I am also frightened because I don’t have any faith in those whose job it is to sort it out. The public are pretty badly served by the politicians we have, not just in the UK, but across the western world. Referring to them as political pygmies is perhaps an insult to pygmies, but the scale of the current task does seem to be overwhelming them.
The practical impact of their inability or unwillingness to take decisive action is clear to see. The recent nosedive in the stock market means that annuity rates are some 14% less now than at the start of the year. That is a major reduction in income for the rest of one’s life. So picking a time to retire is not so simple now. Not that this is an issue for those responsible for the situation, whose pensions are, in most cases, funded by the taxpayer.
The current round of party conferences seems to be an exercise in surreal nonsense where they already know the answers, but they still go through the motions of asking the questions and then providing answers as some fantastic revelation.
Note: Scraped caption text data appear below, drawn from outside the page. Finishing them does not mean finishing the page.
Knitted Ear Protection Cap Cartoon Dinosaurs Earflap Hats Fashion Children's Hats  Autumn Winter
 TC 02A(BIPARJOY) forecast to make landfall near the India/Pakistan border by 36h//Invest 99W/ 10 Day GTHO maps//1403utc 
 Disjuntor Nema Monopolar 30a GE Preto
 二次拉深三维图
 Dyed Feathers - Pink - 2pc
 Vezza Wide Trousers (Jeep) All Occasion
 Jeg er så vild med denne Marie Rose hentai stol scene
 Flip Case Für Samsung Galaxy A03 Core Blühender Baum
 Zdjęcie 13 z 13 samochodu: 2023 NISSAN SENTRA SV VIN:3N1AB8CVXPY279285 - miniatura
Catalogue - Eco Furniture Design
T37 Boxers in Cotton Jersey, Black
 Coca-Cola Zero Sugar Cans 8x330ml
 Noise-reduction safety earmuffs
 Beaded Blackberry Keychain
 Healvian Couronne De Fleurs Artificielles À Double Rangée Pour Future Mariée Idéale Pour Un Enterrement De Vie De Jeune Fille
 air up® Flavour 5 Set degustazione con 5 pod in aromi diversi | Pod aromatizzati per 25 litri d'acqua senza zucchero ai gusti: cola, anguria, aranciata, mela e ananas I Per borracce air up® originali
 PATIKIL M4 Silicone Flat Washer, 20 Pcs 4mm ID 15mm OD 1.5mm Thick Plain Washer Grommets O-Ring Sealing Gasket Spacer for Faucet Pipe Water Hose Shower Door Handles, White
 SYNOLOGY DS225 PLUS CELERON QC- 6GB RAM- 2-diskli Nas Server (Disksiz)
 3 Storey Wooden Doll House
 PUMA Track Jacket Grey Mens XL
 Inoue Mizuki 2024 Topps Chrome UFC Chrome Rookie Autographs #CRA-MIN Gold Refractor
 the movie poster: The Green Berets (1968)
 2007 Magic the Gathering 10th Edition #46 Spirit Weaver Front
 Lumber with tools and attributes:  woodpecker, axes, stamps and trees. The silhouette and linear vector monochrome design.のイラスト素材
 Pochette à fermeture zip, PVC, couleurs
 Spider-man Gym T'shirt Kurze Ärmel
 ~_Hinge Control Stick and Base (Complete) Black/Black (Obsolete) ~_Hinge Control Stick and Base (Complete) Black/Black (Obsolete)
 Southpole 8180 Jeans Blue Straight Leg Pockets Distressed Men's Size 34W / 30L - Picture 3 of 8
It is a case of the pygmies trying to big themselves up. The trouble is, no one other than other pygmies is listening. Normal people are busy trying to cope with the consequences of politicians who are more impotent than important.
Closer to home we have the debate about the Private Finance Initiative (PFI) and the impact that is having on the health service. A recent Public Accounts Committee report severely criticises PFI, while the current government still plans to use PFI despite the criticism. Can they both be right?
The answer is yes. There is nothing particularly wrong with PFI as long as it is used in moderation with due care to the long-term consequences. The last government was anything but moderate in its use of PFI.
The challenge for the current government is what it does with the existing PFI projects — some are probably redundant only 10 years into a 30-year contract — and learn how PFI can be used effectively without replicating the mistakes of the last government.
The case for stronger and better project management of publicly-funded projects was also starkly put into context by the debacle of the FiReControl project, the aim of which was to regionalise the Fire Authority call centres. The project was launched in 2004, but following a series of delays and difficulties, was terminated in December 2010 with none of the original objectives achieved and a minimum of £469m being wasted.
A recent Public Accounts Committee report highlighted the inefficiencies and waste, but this is not the first time where the public sector has been profligate in its management of projects and costs and it seems lessons are not being learnt.
One must question whether, in a world that is changing at the rate it is, long-term PFI deals will continue to be appropriate in the future.
But politicians are creatures of habit operating in the short term. The desire to leave legacies and be re-elected provides the temptation for grand gestures and PFI is a good way of delivering today what you cannot afford. It remains to be seen whether this government reverts to type.
Thank you Chris for putting into print what the most of us realise and have been saying for years. The reference to the vicious circle of spending does not appear to be recognised by governments who think that the public sector can soak up the surplus unemployment created by the governmental job losses.
Wake up politicians!!! The public sector is suffering even more. For every 4 people made redundant, due to reduced spending capacity, a fifth loses his/her job in a service industry be it retail, the local pub, tourism or whatever. Think of all the lost tax revenue, both direct and indirect. More can be said however I think that Barrack Obama got it right when he said that he wants to get Americans back to work. Create an economy through wealth, when people have money they will spend it and therefore create tax revenue.
The spending has to be on projects that will benefit the future and create more wealth.